JAKARTA, GRESNEWS.COM - Pemerintah dinilai setengah hati melaksanakan rencana program Pembangunan Listrik Tenaga Nuklir. Selama ini pemerintah tidak berkoordinasi dalam melakukan sosialisasi kepada masyarakat. Akibatnya masyarakat Bangka Belitung yang rencanakan akan menjadi lokasi pembangunan  pembangkit listrik tenaga nuklir itu tidak paham dengan rencana pembangunan nuklir itu. "Persoalannya masyarakat selama ini hanya dijadikan sebagai objek saja, tidak dilibatkan dalam diskusi-diskusi soal nuklir. Jadi ada sesuatu yang salah dalam pola komunikasi. Ada sosialisasi tapi tidak tepat sasaran. Jadi hingga saat ini masyarakat tidak paham mengenai itu," kata Dosen Ilmu Politik Universitas Bangka Belitung Ibrahim Bintang kepada Gresnews.com pada Kamis (17/1).

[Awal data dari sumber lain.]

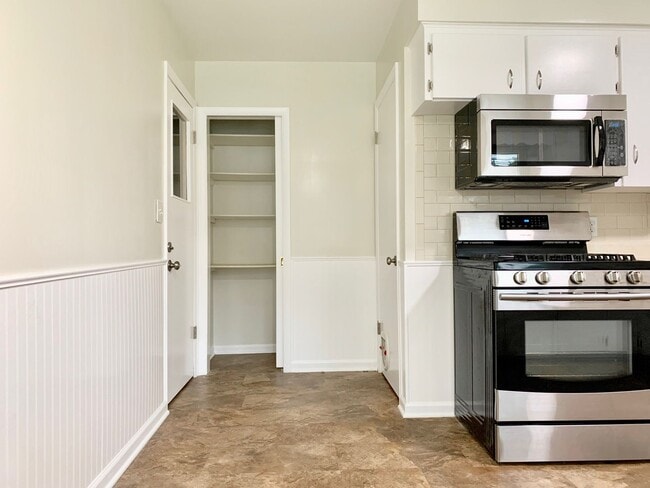 Building Photo - Two Bedroom Home in Northwest Grand Rapids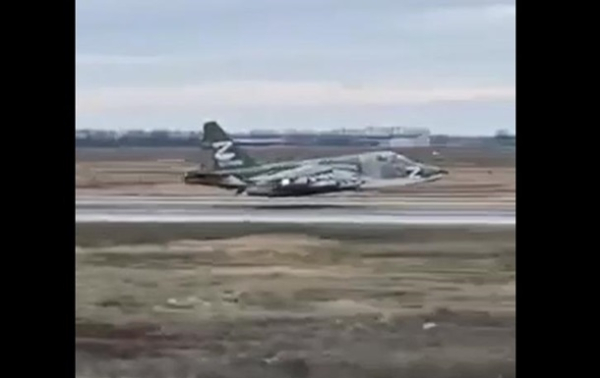 Російський Су-25 сів "на черево" під час посадки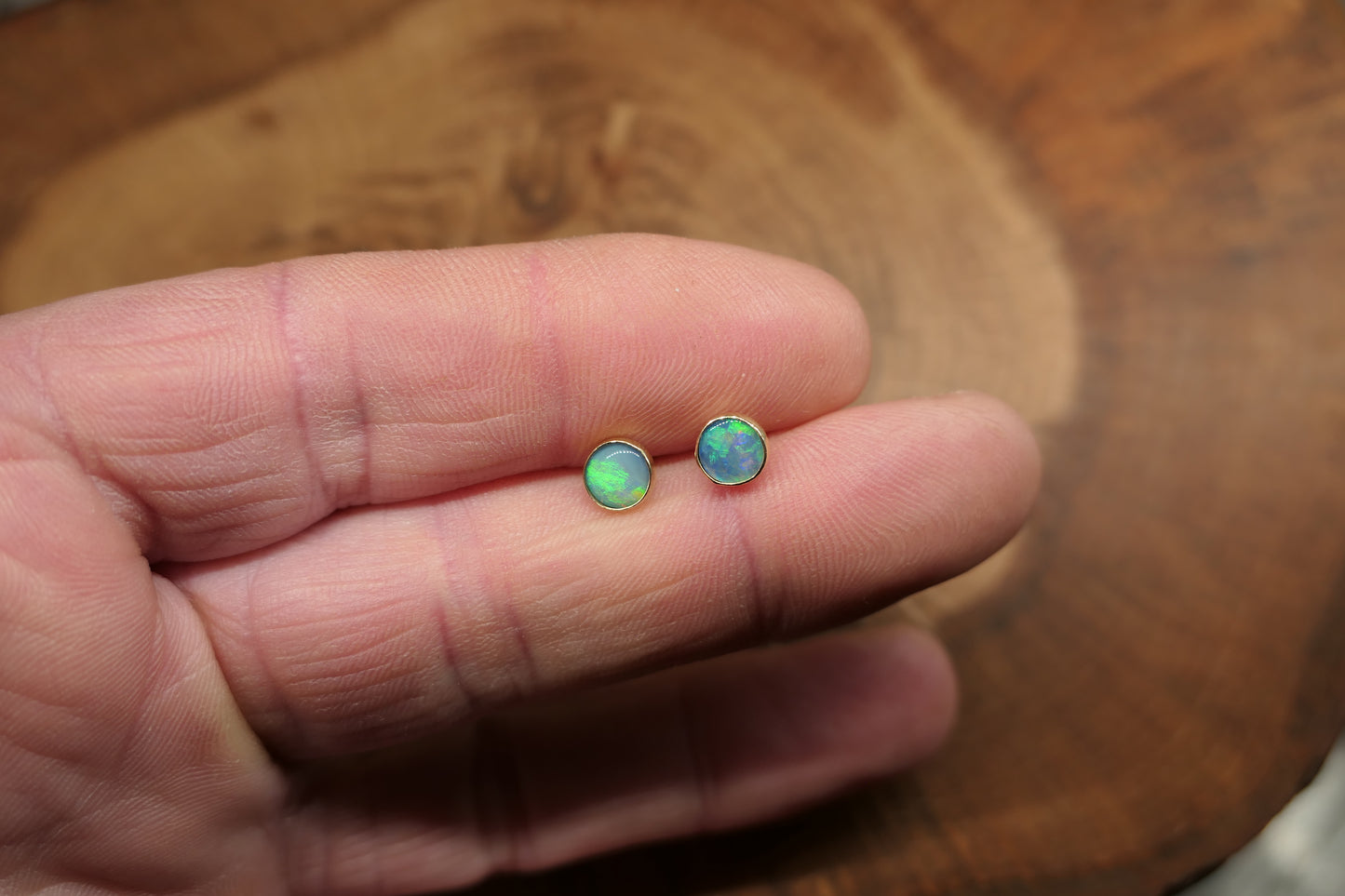 6mm 18k gold earstuds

Ibrahim menambahkan selama ini mayoritas masyarakat Bangka Belitung menolak proyek Pembangkit Listrik Tenaga Nuklir itu, karena mereka tidak paham mengenai penggunaan nuklir bagi listrik. Menurut Ibrahim, selama ini masyarakat lokal menolak proyek tersebut karena pemahaman mereka mengenai nuklir salah. Masyarakat hanya mengetahui dampak nuklir yang digunakan sebagai proyek senjata dan kasus gempa Fukushima Jepang pada tahun 2011 lalu.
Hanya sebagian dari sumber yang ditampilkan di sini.